My journey to Amsterdam was exciting. This old lady is very intriguing with its impressive architecture, lovely canals crossing the city, great shopping, and friendly people. I spent a week going around as much as possible. There is something for every traveller’s taste here, whether you prefer culture and history, serious partying, or just the relaxing charm of a classic European city. In the South district you find the Museum Quarter and the Vondelpark, the most popular park here. I was walking around the park, when I found this fantastic frame (here below) . How can people throw away such lovely things! Without hesitation, I picked it up and it was a real challenge to go through custom to bring it to Italy. Once at the Eindhoven Airport, it was like smuggling hot stuff.
This kind of ornate antique frames are not usually made of carved wood. Instead, the frames have a wooden base with an ornate plaster veneer added to the top of the wood. The finish is then added to the entire frame so it appears to be a single carved piece.
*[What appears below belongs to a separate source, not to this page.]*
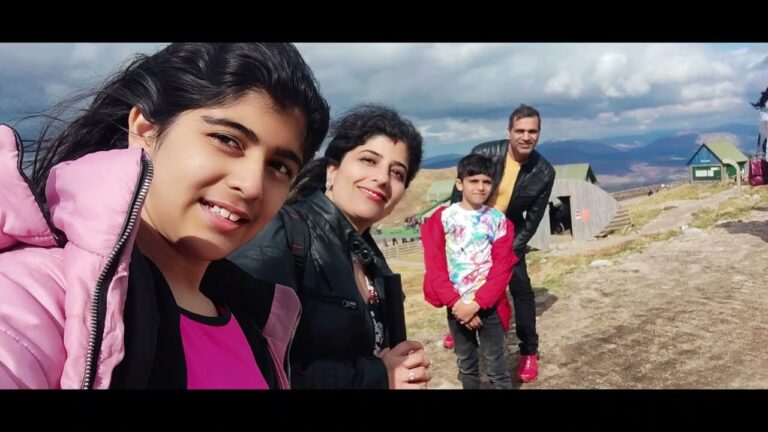 [Hidden gem] 👀👀👀Scotland highlands Tour, Edinburgh, glasgow – Pawar Family #journey2happiness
Press plastic clay into an undamaged section of the frame that matches the damaged section. Carefully peel the clay off the frame and roll the edges so that it will hold liquid plaster. The purpose of this step is to make a mold.
Mix the plaster and pour it into the mold carefully trying to avoid air bubbles. Let it dry and then remove it from the mold. You now have a duplicate of the detail that was damaged.
Sand the rough edges and the excess of the casting until the pieces fits into the spot that was damaged.
Paint the entire piece of plaster with gesso. This will seal it and prepare it for the final finish.
Glue your plaster segment into place.
Paint or gild your final finish so that the new segment matches the original color and finish. Now the frame is finished and ready to be rehung!!!!